Hiver avec et sans neige

« Il y a ici des hivers avec de la neige, de septembre à mai, et des hivers sans neige, de juin à août », explique Igor Petrenia, du village de Billings, en Tchoukotka, qui travaille depuis plusieurs mois comme directeur adjoint de l'école locale.

Moins de 200 personnes vivent dans cette bourgade, qui est située sur la côte de la mer de Sibérie orientale. Tous se consacrent à des professions traditionnelles ou travaillent dans la station météorologique du coin. La ville la plus proche, Pevek, se trouve à environ 400 kilomètres. Avant, il n’y a rien.

Ces territoires sont considérés comme les plus inhabitables au monde : imaginez, la neige ne fond pratiquement pas de l'année et la température dépasse légèrement zéro seulement en été. La nuit polaire (lorsque le Soleil ne se lève pas du tout) dure trois ou quatre mois, et en été, elle est remplacée par le jour polaire (lorsque le Soleil, au contraire, ne se couche jamais).

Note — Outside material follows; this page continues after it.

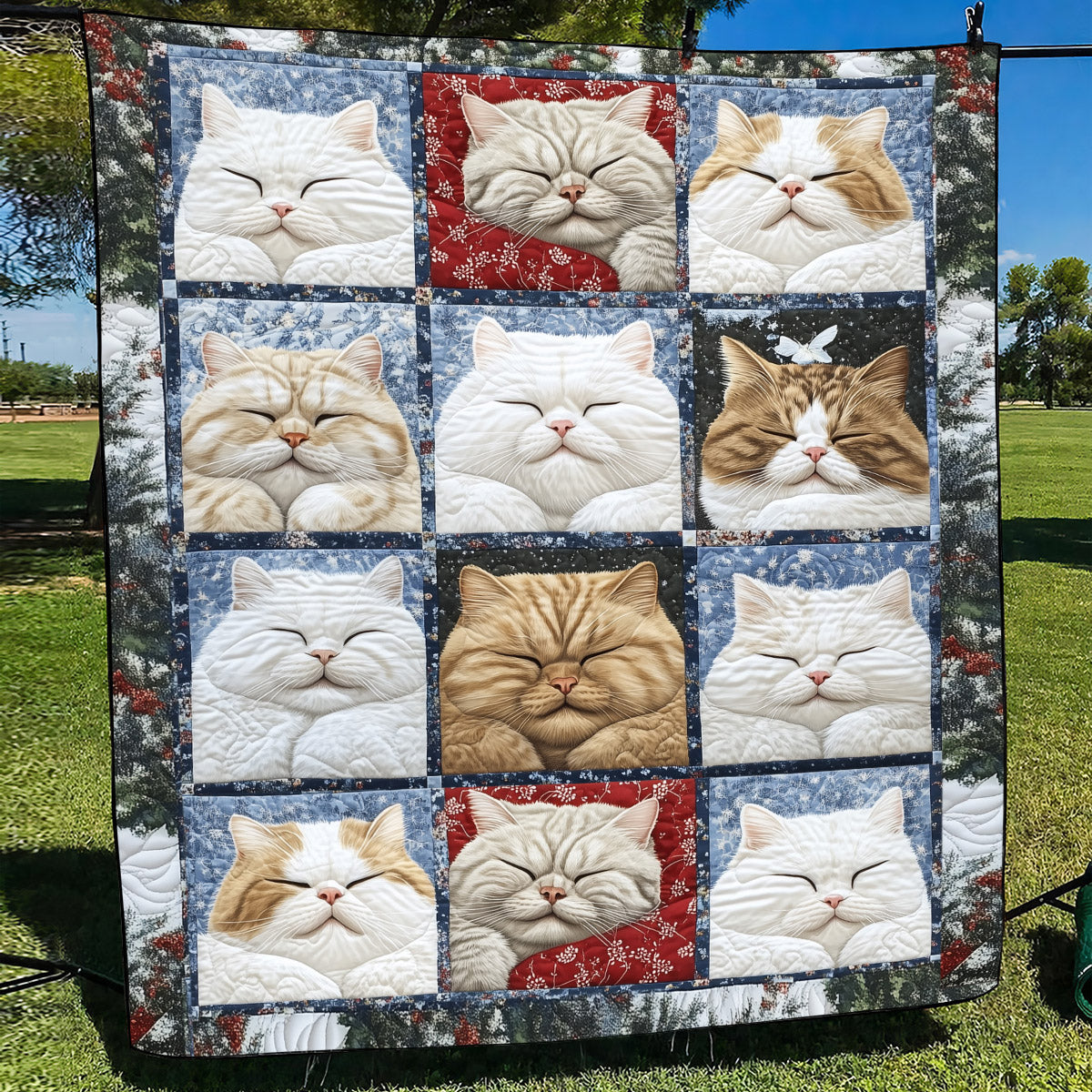 Cozy Cat Dreams Quilted Blanket NCU0TL1088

En outre, l'absence de végétation et la proximité de l'océan font que les vents sont susceptibles de vous renverser.

En août, au plus chaud de l’année, il ne fait pas plus de 10 degrés, et dès le début du mois de septembre, la neige recouvre déjà le paysage. « Mais en général, j'aime le climat ici, confie Igor. Je n’apprécie pas la chaleur. Et pour ça, c’est l’endroit idéal ». Il admet cependant que la forêt lui manque.

Ce qui rapproche le climat arctique des déserts méridionaux n'est pas seulement l'absence totale d'arbres et de buissons, mais aussi la sécheresse de l’air. Au-dessus du cercle polaire, il est d’ailleurs encore plus sec.

L'une des autres caractéristiques intéressantes du désert arctique est la haute électricité statique. « Vous pouvez vous serrer la main, et tu recevras une forte décharge électrique ; vous pouvez passer une clé USB de main en main, et elle fera des étincelles et grillera, décrit Igor. Tu t’assois à ta chaise de bureau, tu touches du métal, comme un radiateur ou un appareil de chauffage, puis tu commences à travailler avec la souris d'ordinateur. Ensuite tu vas aux toilettes, tu mets les mains sous le jet d'eau et reçois une légère décharge électrique. Ça arrive tout le temps ». Peut-être le corps est-il ici constamment électrisé à cause de la proximité du pôle magnétique, avance-t-il.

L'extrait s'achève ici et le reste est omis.